Rüzgarın yönü değişebilir
Bu perdede kuşkusuz en önemli manşet ABD cephesinde açıklanan ekonomik veriler oldu. İstihdam beklentilerin altında kalarak doların değer kaybına neden olduysa da öncü göstergeler olan ISM‘ler ABD ekonomisinde telaş edecek bir bozulma olmadığını açıkça ortaya koyuyor.
Haziran ayının ilk günlerine damgasını vuran diğer bir başlık ise petrol fiyatlarındaki gerileme. Üç işlem gününde yüzde üç kayba uğrayan siyah altın, Norveç, Kanada, Rusya, Brezilya gibi ülkelerin para birimlerinde kayıplara neden oldu.
Katar – S.Arabistan restleşmesi ile farklı bir faza yelken açan bu cephe önümüzdeki hafta ve aylarda da hareketli seyretmeye devam edeceğe benziyor.

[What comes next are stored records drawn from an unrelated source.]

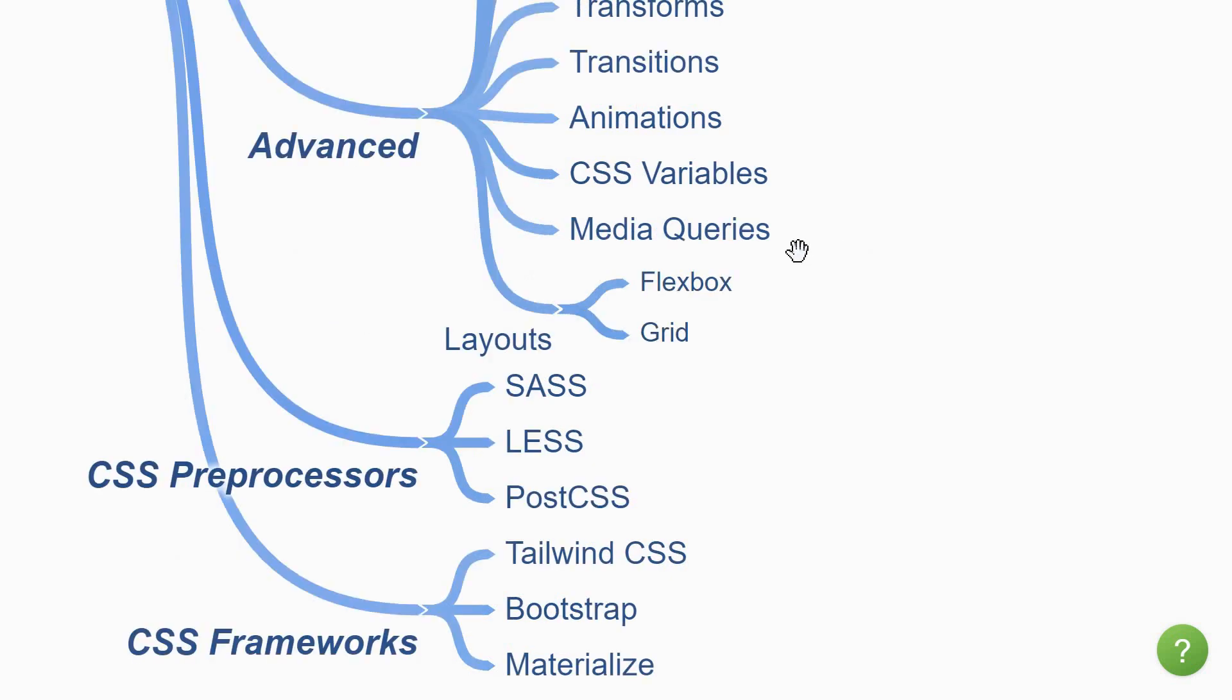The next topic is media queries. Media query is a CSS technique which is useful when you want to modify your site depending on the device type, screen resolution or browser viewport width. This is a good topic to go through and understand about responsiveness in a website.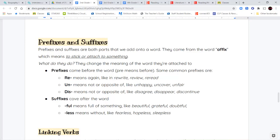So the three prefixes we're going to look at today are re, un, and dis. Re means again. So if I ask you to rewrite something, I'm asking you to write it again. If I say, I need you to review your work, I need you to look at it again. Or if you need to reread your story, you're going to read it again.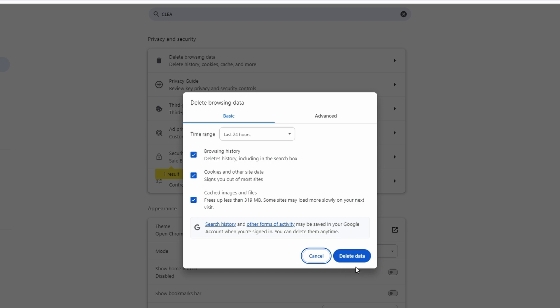After clearing cache and browsing data, return to YouTube and refresh the page. Your profile picture should now display the updated image.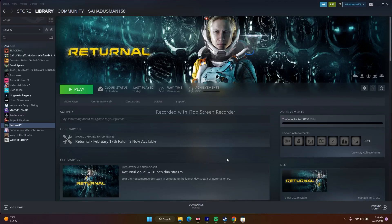Hello everyone, welcome back. In this video we're going to talk about how to fix Returnal's fatal error crash, as well as the exception access violation error which is happening for many users, and how we can fix this.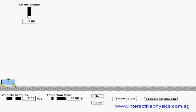A small object can be projected vertically up from a moving trolley whose velocity can be set here. We can set the projection force by using the slider here. At any time we can throw the object vertically up by clicking this button here.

Borsalar özelinde Haziran ayına yönelik beklentilerimi geçen hafta kapsamlı bir biçimde paylaşmıştım. Düşüncelerimde bir değişiklik yok.
Küresel borsalar ile birlikte geride kalan altı ayda çarpıcı bir ralliye imza atan BIST’de Haziran ayının hissedilir bir düzeltmeye sahne olması riskinin varlığını koruduğu görüşündeyim.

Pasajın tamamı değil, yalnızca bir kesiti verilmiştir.